EXERCISE
Omit any pictures, and restate word for word only the lines from the one with "American Jewelry ESTATE" through the end of the data below.

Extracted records
+---+
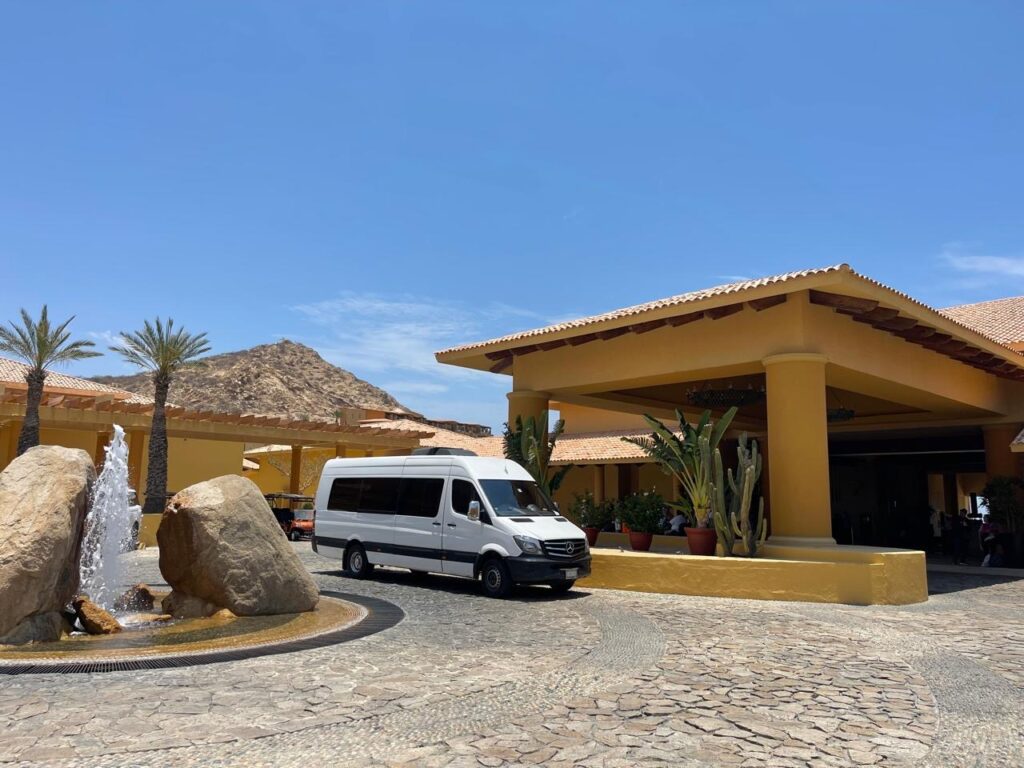 Cabo San Lucas Shuttle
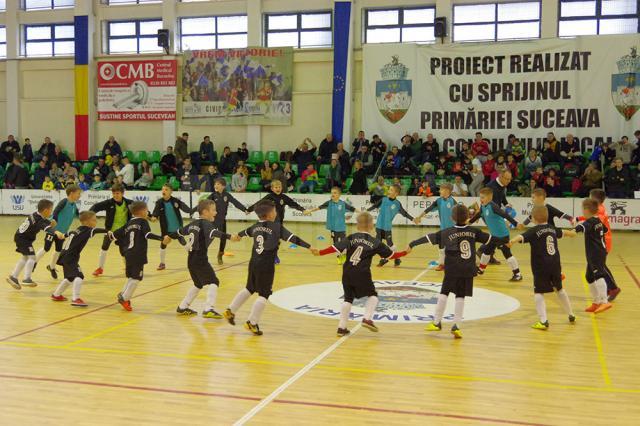 Hora bucuriei pentru fotbaliştii celor două grupe de la Juniorul Suceava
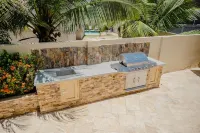Spacious 4-Bedroom Apartment 2 km from Eagle Beach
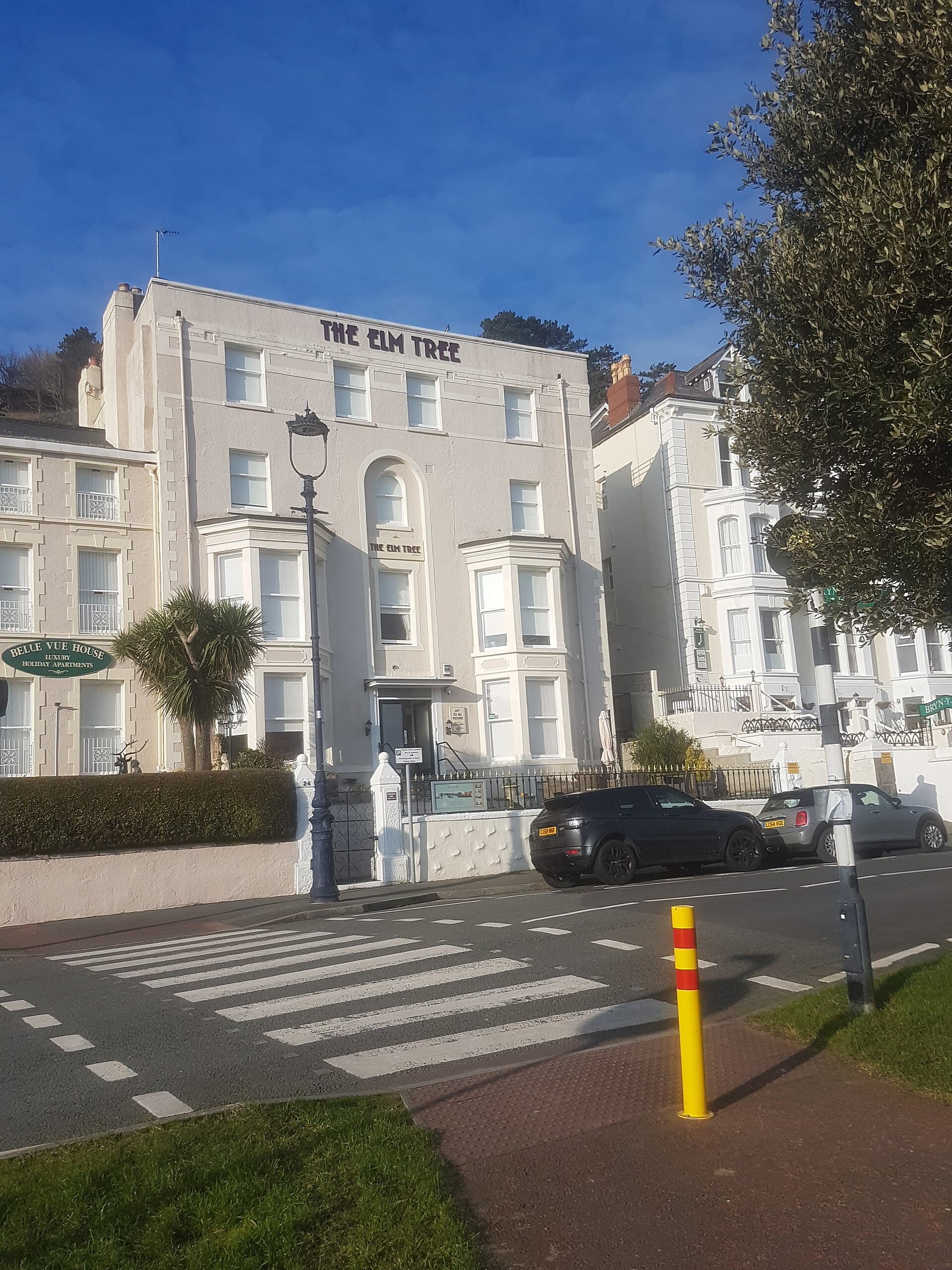 The Elms Hotel (via Wikimedia Commons, CC BY-SA 3.0)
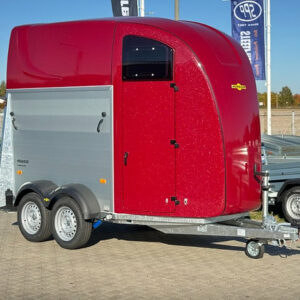 Humbas Pegasus 2400 Trailer com estofados e portas laterais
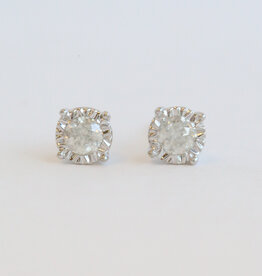 American Jewelry ESTATE 10k White Gold Approx .20ctw Diamond Illusion Set Stud Earrings
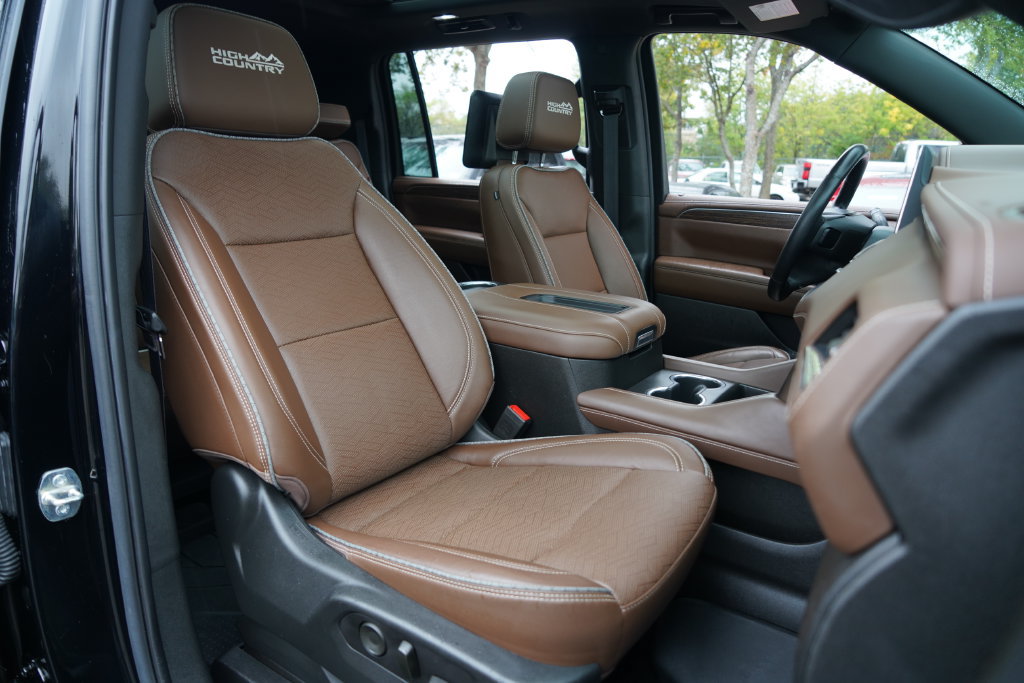 Used 2021 Chevrolet Suburban High Country w/ Premium Package AWD/4WD image 23
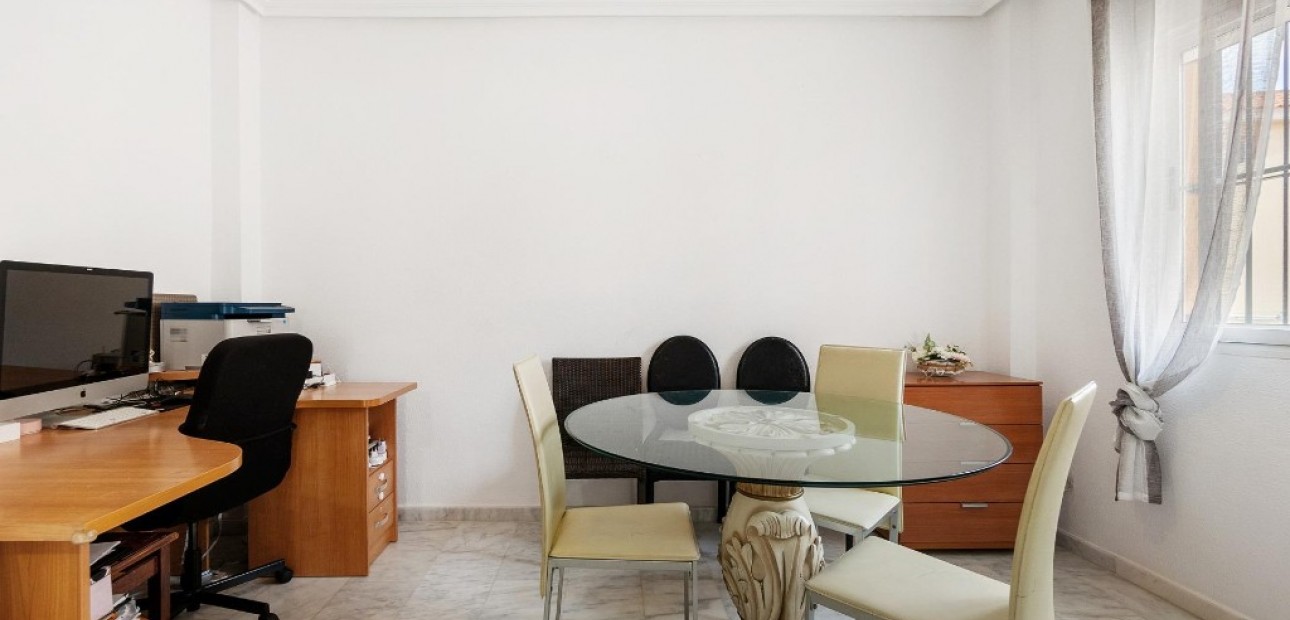 Sale - Villa -
Orihuela Costa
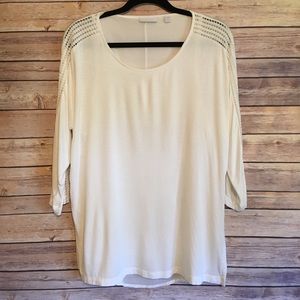 🌻 New York & Company Open Sleeve Basic Top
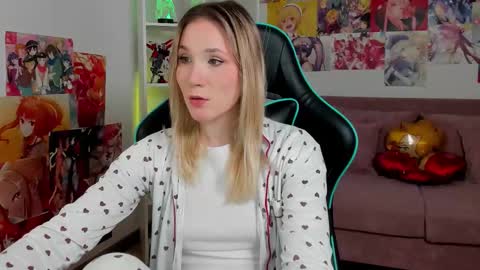 Snapshot of elaravoltage chatting on March 2026 05:13:02 AM elaravoltage online show from March 2026 05:13:02 AM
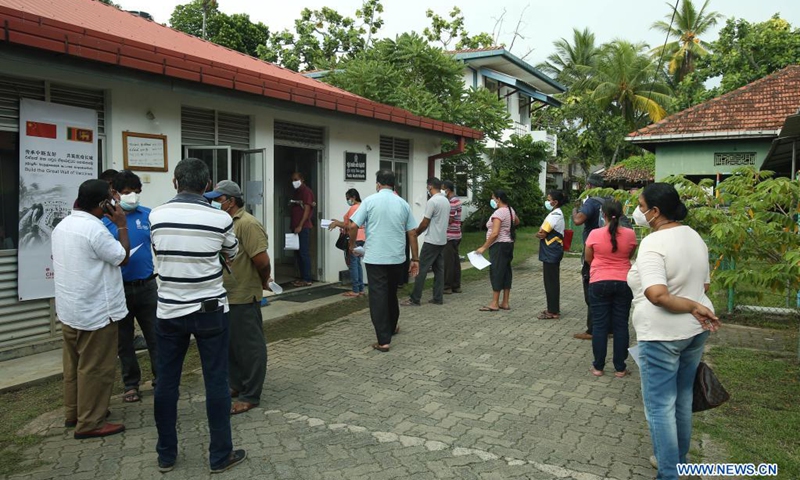 People line up to receive the Sinopharm vaccines at the Panadura Health Office in Kalutara District, in the outskirts of capital Colombo, Sri Lanka, on May 8, 2021. Sri Lanka's Health Ministry on Saturday began administering the Sinopharm vaccine to local nationals, soon after the World Health Organization (WHO) approved it for emergency use worldwide.(Photo: Xinhua)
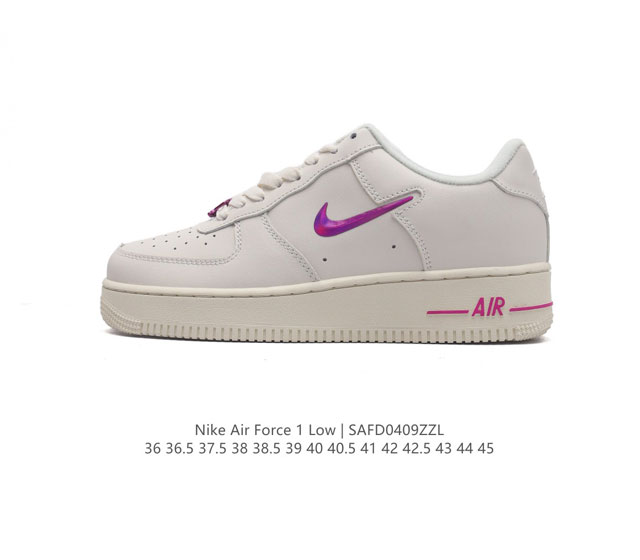 耐克 Nike Air Force 1 '07 Low 空军一号含气垫 低帮百搭厚底增高休闲运动板鞋。柔软、弹性十足的缓震性能和出色的中底设计，横跨复古与现代的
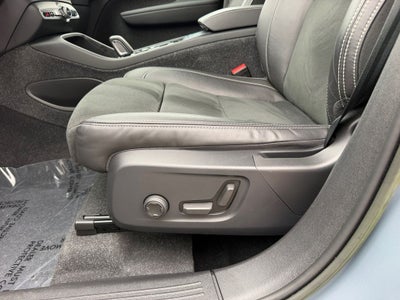 2022 Volvo XC40 R-Design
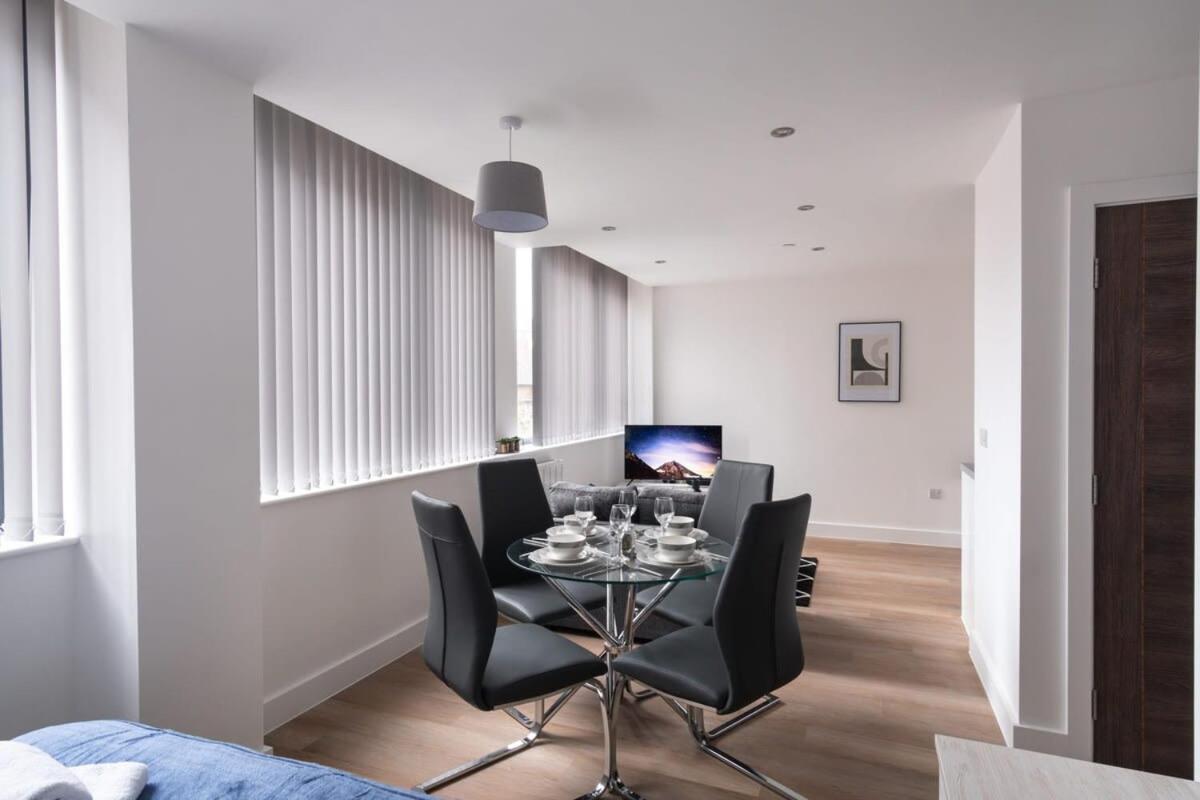 Zeni, Alexandra Rise Smart Appartement Manchester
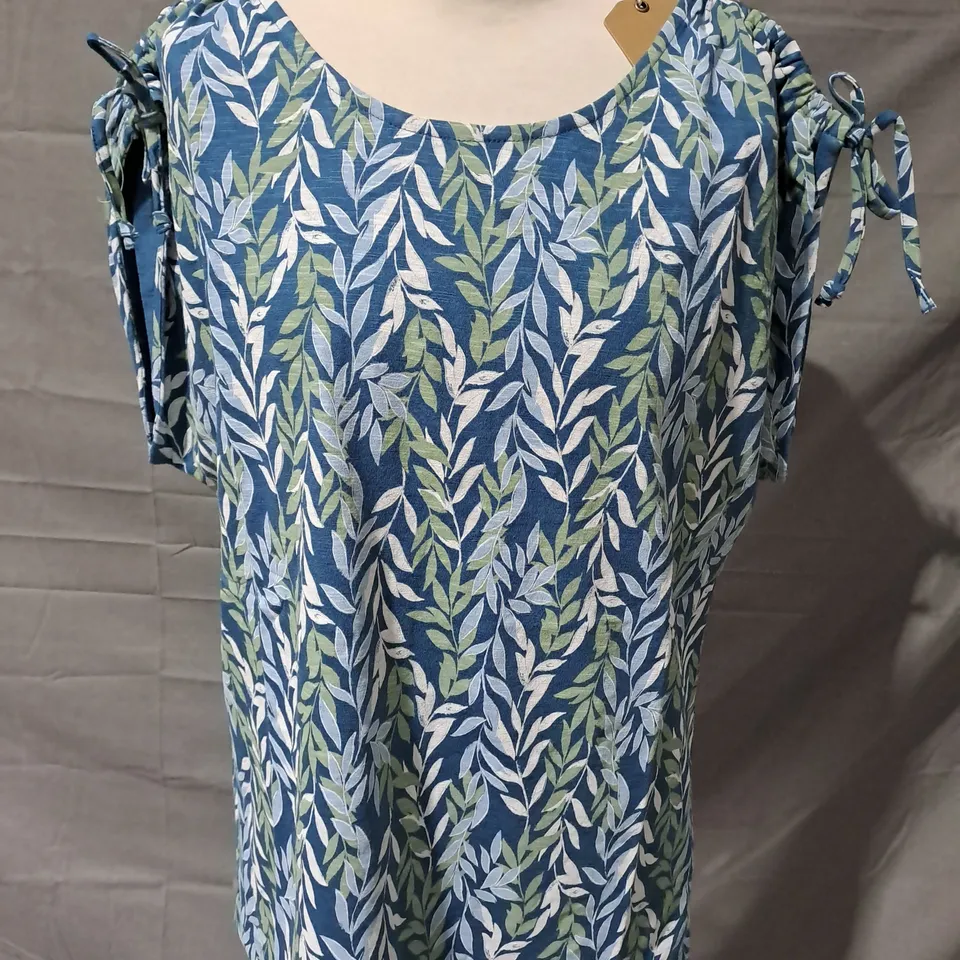 BRAKEBURN WILLOE T-SHIRT IN BLUE/MULTI UK SIZE 16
+---+
RESULT BELOW
 American Jewelry ESTATE 10k White Gold Approx .20ctw Diamond Illusion Set Stud Earrings
 Used 2021 Chevrolet Suburban High Country w/ Premium Package AWD/4WD image 23
 Sale - Villa -
Orihuela Costa
 🌻 New York & Company Open Sleeve Basic Top
 Snapshot of elaravoltage chatting on March 2026 05:13:02 AM elaravoltage online show from March 2026 05:13:02 AM
 People line up to receive the Sinopharm vaccines at the Panadura Health Office in Kalutara District, in the outskirts of capital Colombo, Sri Lanka, on May 8, 2021. Sri Lanka's Health Ministry on Saturday began administering the Sinopharm vaccine to local nationals, soon after the World Health Organization (WHO) approved it for emergency use worldwide.(Photo: Xinhua)
 耐克 Nike Air Force 1 '07 Low 空军一号含气垫 低帮百搭厚底增高休闲运动板鞋。柔软、弹性十足的缓震性能和出色的中底设计，横跨复古与现代的
 2022 Volvo XC40 R-Design
 Zeni, Alexandra Rise Smart Appartement Manchester
 BRAKEBURN WILLOE T-SHIRT IN BLUE/MULTI UK SIZE 16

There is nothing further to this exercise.